Many Republicans and even some Democrats say the payroll tax cut hasn’t worked to boost jobs and is too costly with the deficit requiring the government to borrow 36 cents of every dollar it spends.

“I can’t find many people who even know that they’re getting it, OK?” said Sen. Joe Manchin, D-W.Va., who opposed both plans. “So with that being said, we’re going to double down on something that we thought should have worked that didn’t work.”

Sen. Jerry Moran, R-Kan., said after Thursday night’s vote that previous tax rebates “stimulated little and increased the debt a lot” and that it would be better to simply cut spending than turn around and use spending cuts on stimulus-style tax cuts.

The defeat of the competing Senate plans came as Boehner said for the first time that renewing the payroll tax cut would boost the lagging economy. Boehner also promised compromise on a renewal of long-term jobless benefits through the end of 2012.

The payroll tax cuts and unemployment benefits are at the center of a costly, politically-charged year-end agenda in which Democrats seem poised to prevail in renewing a tax cut that many Republicans back only reluctantly no faxing payday loans. But Republicans are insisting _ in a switch from last year _ that the payroll tax cut and jobless benefits be paid for by cutting spending.

Both parties are seeking the political high ground as next year’s elections loom, with Democrats accusing Republicans of siding with the rich, and Republicans countering that Democrats were taxing small business owners who create jobs.

The first payroll tax plan to fall was a Democratic measure that was at the heart of the jobs package Obama announced in September. It would cut the Social Security payroll tax from 6.2 percent to 3.1 percent next year and also extend the cut to employers, with its hefty $265 billion cost paid for by slapping a 3.25 percent surtax on income exceeding $1 million.

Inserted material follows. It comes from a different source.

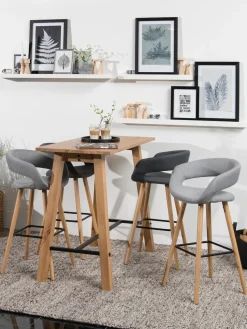 Taburetes altos Grace, 2 uds.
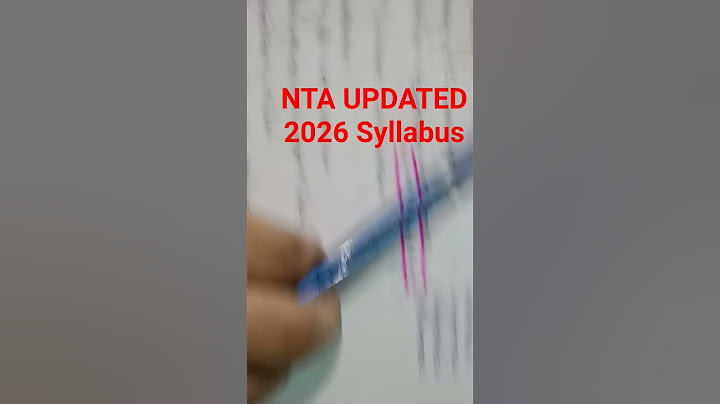 Why NEET 2026 Will Be A DISASTER For Students #NEET latest Syllabus #Neet 2026 #yt #foryou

Republicans and a handful of Democrats combined to kill the measure on a 51-49 tally that fell well short of the 60 votes required under Senate rules. For the first time, a Republican, Susan Collins of Maine, voted to support the millionaires’ surcharge.

In a surprising result, Democrats and more than two dozen Republicans then voted 78-20 to kill the $120 billion GOP alternative that would have simply extended the existing 2 percentage point payroll tax cut, financed by freezing federal workers’ pay through 2015 and reducing the government bureaucracy.

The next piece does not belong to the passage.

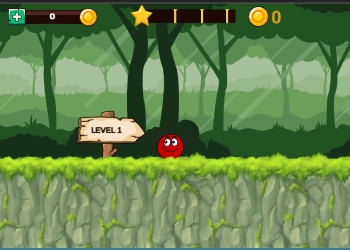 Красный Шар 6 скриншот игры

Republicans offered a simple one-year continuation of the existing law, jettisoning Obama’s call to deepen the cut to 3.1 percentage point on workers’ first $106,800 in earnings, while expanding it to cut in half employers’ Social Security contributions for their $5 million in payroll.

To pay for the measure, Senate Republicans proposed freezing federal workers’ pay through 2015 _ extending a two-year-freeze recommended by Obama _ and reducing the bureaucracy by 200,000 jobs through attrition.

The Democratic plan would give a worker earning $50,000 a more than $1,500 tax cut; the GOP plan would provide a $1,000 tax cut for such an earner. A two-income family making $200,000 would reap a $6,000-plus tax cut under the Democratic plan and a $4,000 tax cut under the GOP version.

Source

11/26/2011 (12:03 am)

Virgin America CEO looks to make flying fun again

Filed under: Homebuilders, news |

Virgin America CEO David Cush believes flying doesn’t have to be painful. He remembers when boarding a plane was exciting and wants to bring back that joy.

That is why every job applicant, including pilots, flight attendants and baggage handlers, takes a personality test. He wants employees who are hard-wired with positive outlooks on life.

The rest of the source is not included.